■ **The task**:
The reply should hold only the lines from the one with "Danh Môn Chí Ái - Chapter 62 - Page 5" to the one with "Crybunniecensored", both ends kept, exactly as they appear below, without any pictures.

■ **Exercise materials**:
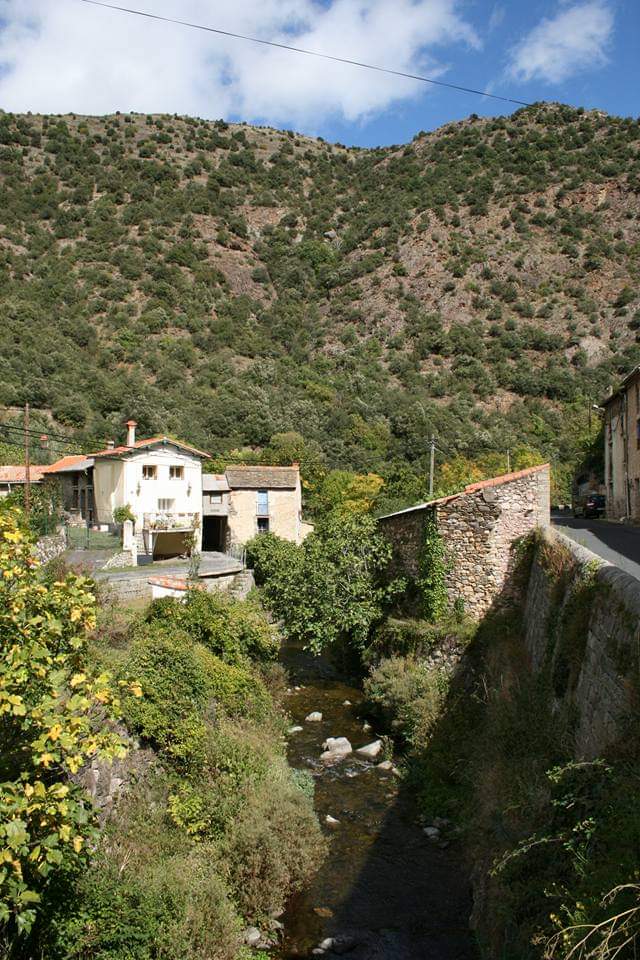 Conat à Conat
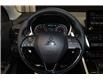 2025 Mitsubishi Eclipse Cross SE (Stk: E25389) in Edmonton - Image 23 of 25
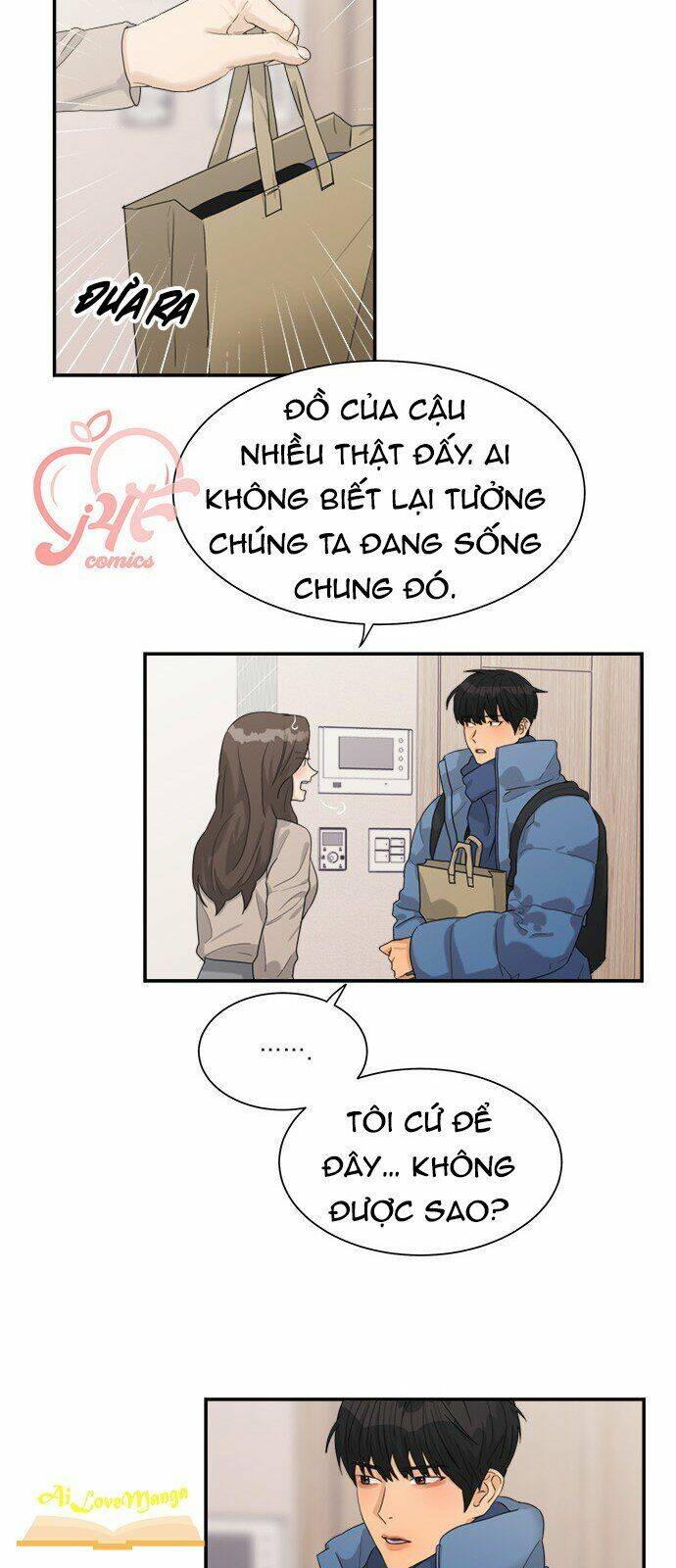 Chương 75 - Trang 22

* * *

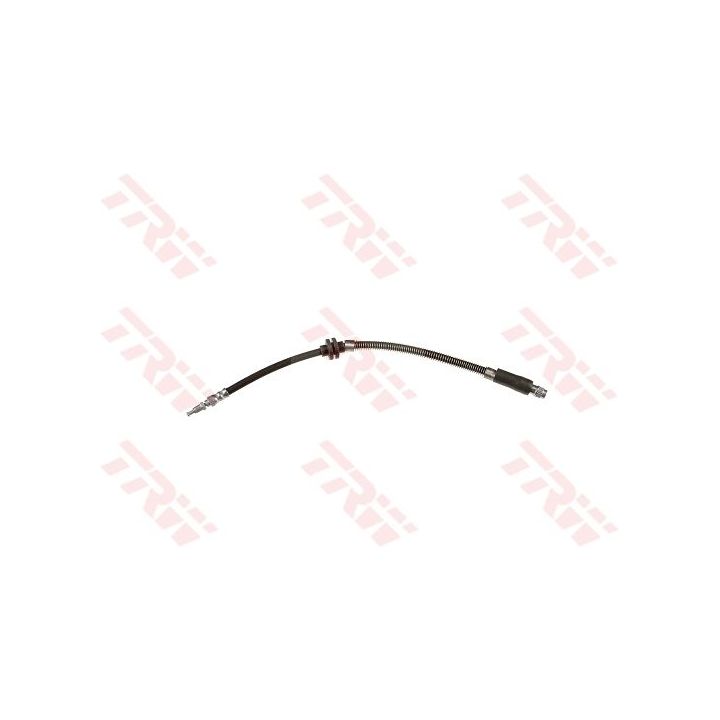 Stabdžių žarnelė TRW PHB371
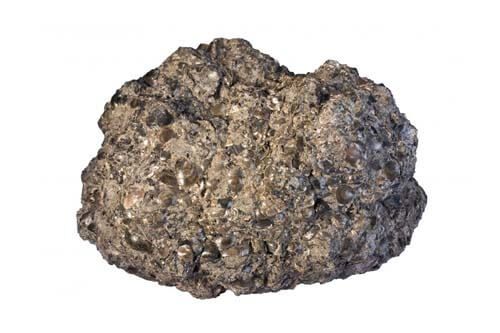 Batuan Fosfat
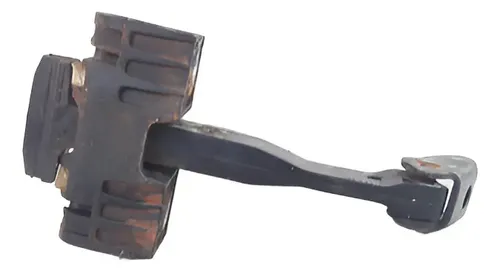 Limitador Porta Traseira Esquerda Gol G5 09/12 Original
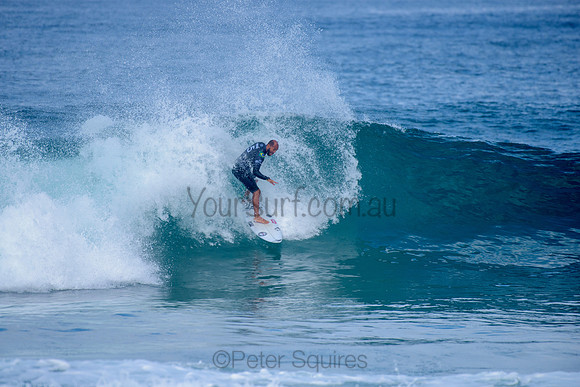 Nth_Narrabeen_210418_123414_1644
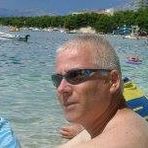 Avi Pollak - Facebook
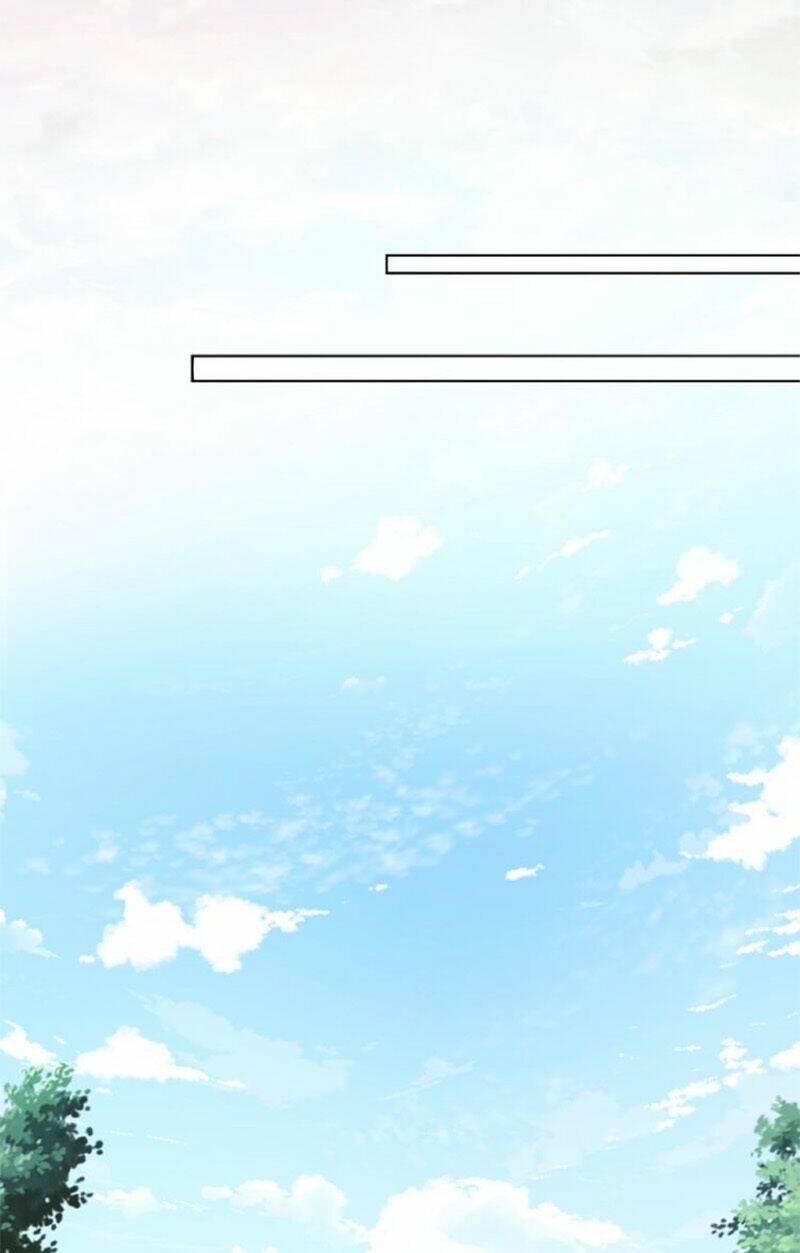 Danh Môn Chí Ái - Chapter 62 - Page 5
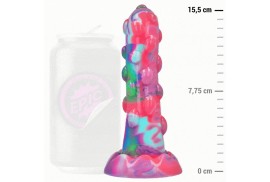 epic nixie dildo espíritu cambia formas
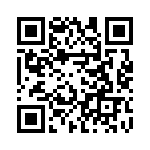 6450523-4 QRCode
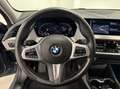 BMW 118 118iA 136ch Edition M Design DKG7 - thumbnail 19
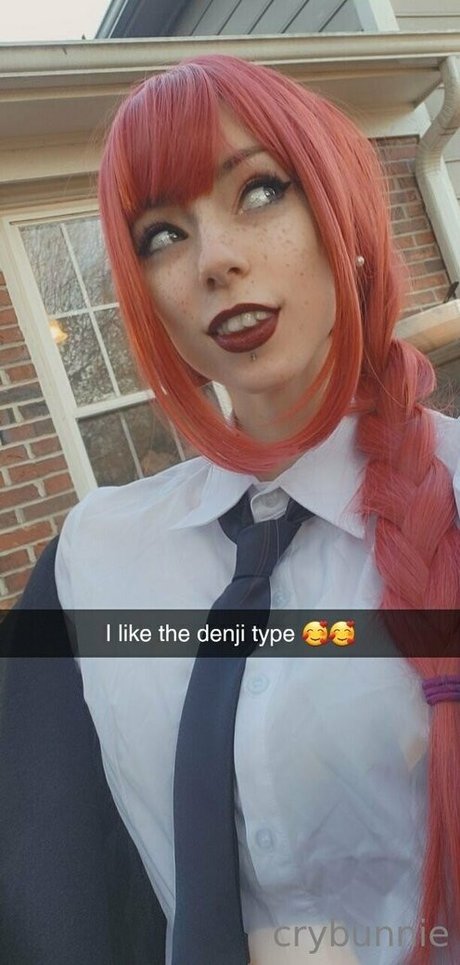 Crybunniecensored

■ **Result of this task**:
 Danh Môn Chí Ái - Chapter 62 - Page 5
 epic nixie dildo espíritu cambia formas
 6450523-4 QRCode
 BMW 118 118iA 136ch Edition M Design DKG7 - thumbnail 19
 Crybunniecensored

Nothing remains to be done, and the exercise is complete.